Overview of the filtering process within the amr.watch workflow applied to public genomes of priority bacterial pathogens available in the International Nucleotide Sequence Database Collaboration (INSDC) databases. The genome data are filtered in a series of steps, depicted from left to right in the table, with the numbers in each column representing a subset of those from the previous column.

For the pathogens that are grouped together, we initially accept genomes annotated in the ENA with any of the corresponding taxonomy IDs from the same group and use the Speciator assignments in subsequent processing.

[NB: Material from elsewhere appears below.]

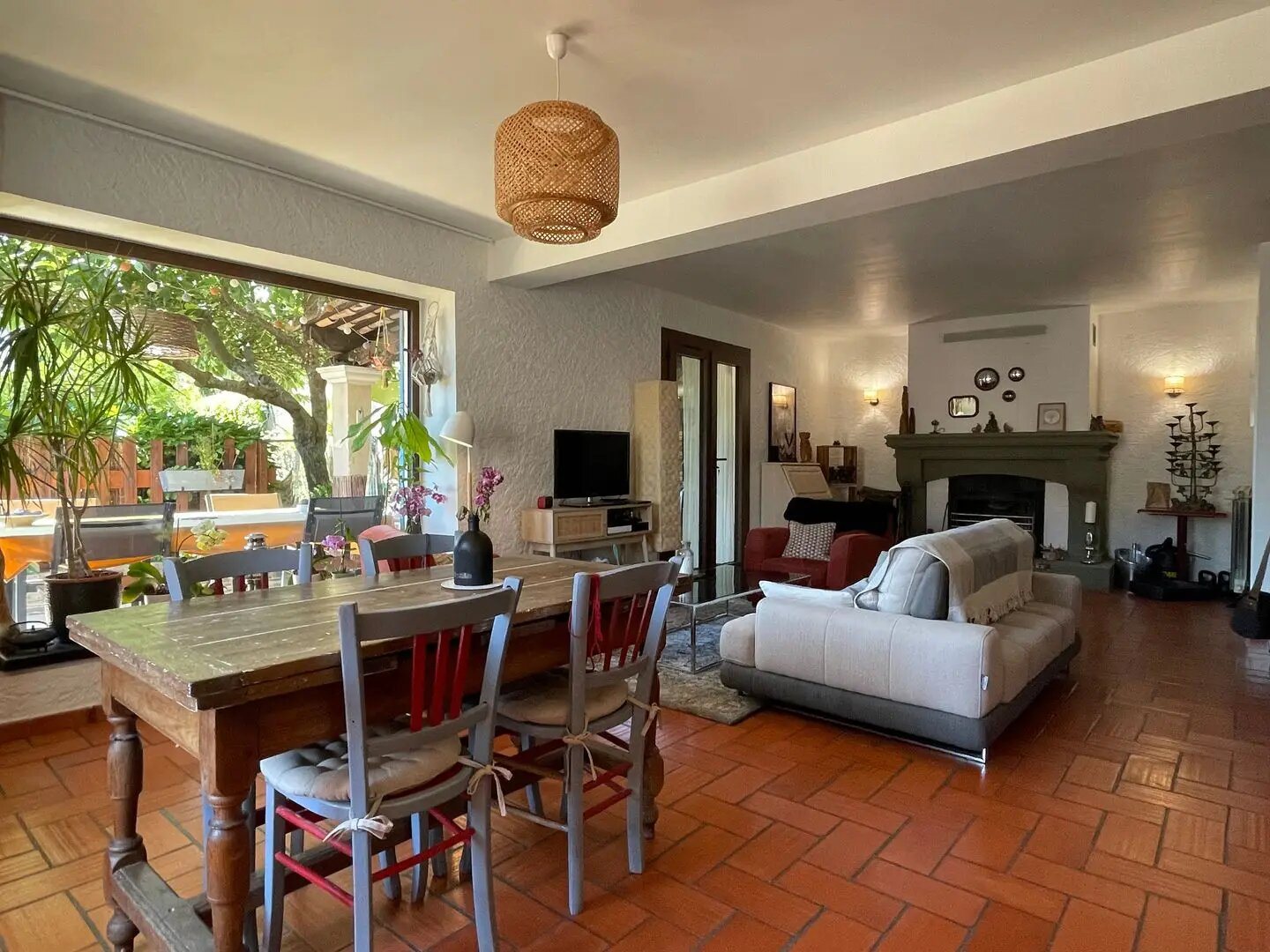 Maison à vendre, 144m², Mézel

Pathogen	ENA entries (run accessions)	Illumina paired-end entries	Filtered entries¹	Entries with geotemporal data²	Entries available for download in SRA	Entries associated with unique samples³	Assembled genomes	Genomes with correct species	Genomes that passed QC	Genomes with collection date post-2010	Last updated
All Pathogens	1,819,286	1,605,699	1,547,862	929,769	926,887	892,220	858,842	836,019	814,212	748,900
A. baumannii	53,268	43,515	40,173	27,690	27,644	26,792	26,296	25,910	25,478	23,942	5/18/2026
C. coli	179,857	174,805	168,759	115,036	115,015	114,388	111,800	34,459	33,131	31,941	5/18/2026
C. jejuni	179,857	174,805	168,759	115,036	115,015	114,388	111,800	75,465	72,067	69,459	5/18/2026
E. cloacae complex	23,192	20,425	19,590	15,045	14,958	13,685	13,284	12,858	12,216	11,756	5/14/2026
E. faecium	46,420	44,340	42,839	27,034	27,019	25,916	25,707	25,446	25,091	23,842	5/14/2026
E. coli	662,946	553,325	538,925	314,604	313,060	301,356	290,991	251,266	247,123	227,492	5/18/2026
S. flexneri								14,404	13,974	13,193	5/18/2026
S. sonnei								16,595	16,131	15,151	5/18/2026
H. influenzae	19,253	17,689	17,558	8,679	8,679	8,380	7,645	7,627	7,460	6,844	5/14/2026
K. pneumoniae	143,039	125,543	115,275	86,655	86,211	80,209	76,619	72,269	70,341	68,234	5/19/2026
N. gonorrhoeae	84,562	80,433	79,876	53,647	53,646	50,342	47,166	46,759	44,596	43,542	5/14/2026
P. aeruginosa	91,162	66,249	60,970	32,786	32,775	31,610	29,581	29,167	28,217	26,498	5/18/2026
Salmonella Typhi	132,935	123,639	121,310	94,612	94,610	92,566	91,173	9,333	9,138	7,080	5/18/2026
Salmonella Typhimurium								28,466	27,736	25,551	5/18/2026
Salmonella Enteritidis								49,261	48,380	46,698	5/18/2026
S. aureus	191,258	172,949	163,809	95,537	95,073	91,177	86,609	85,139	82,695	70,925	5/18/2026
S. pneumoniae	191,394	182,787	178,778	58,444	58,197	55,799	51,971	51,595	50,438	36,752	5/14/2026

Entries (runs) are filtered to include only those with two FASTQ files, ≥20x mean coverage (via assessment of the "base_count" field) and those associated with a single sample accession.
Entries (runs) are filtered to include those with a collection date that is decodable to at least the year and a sampling location that is decodable to at least the country level.
Entries (runs) are filtered to ensure only one run per sample accession is included (selecting the run with the highest number of bases via assessment of the "base_count" field).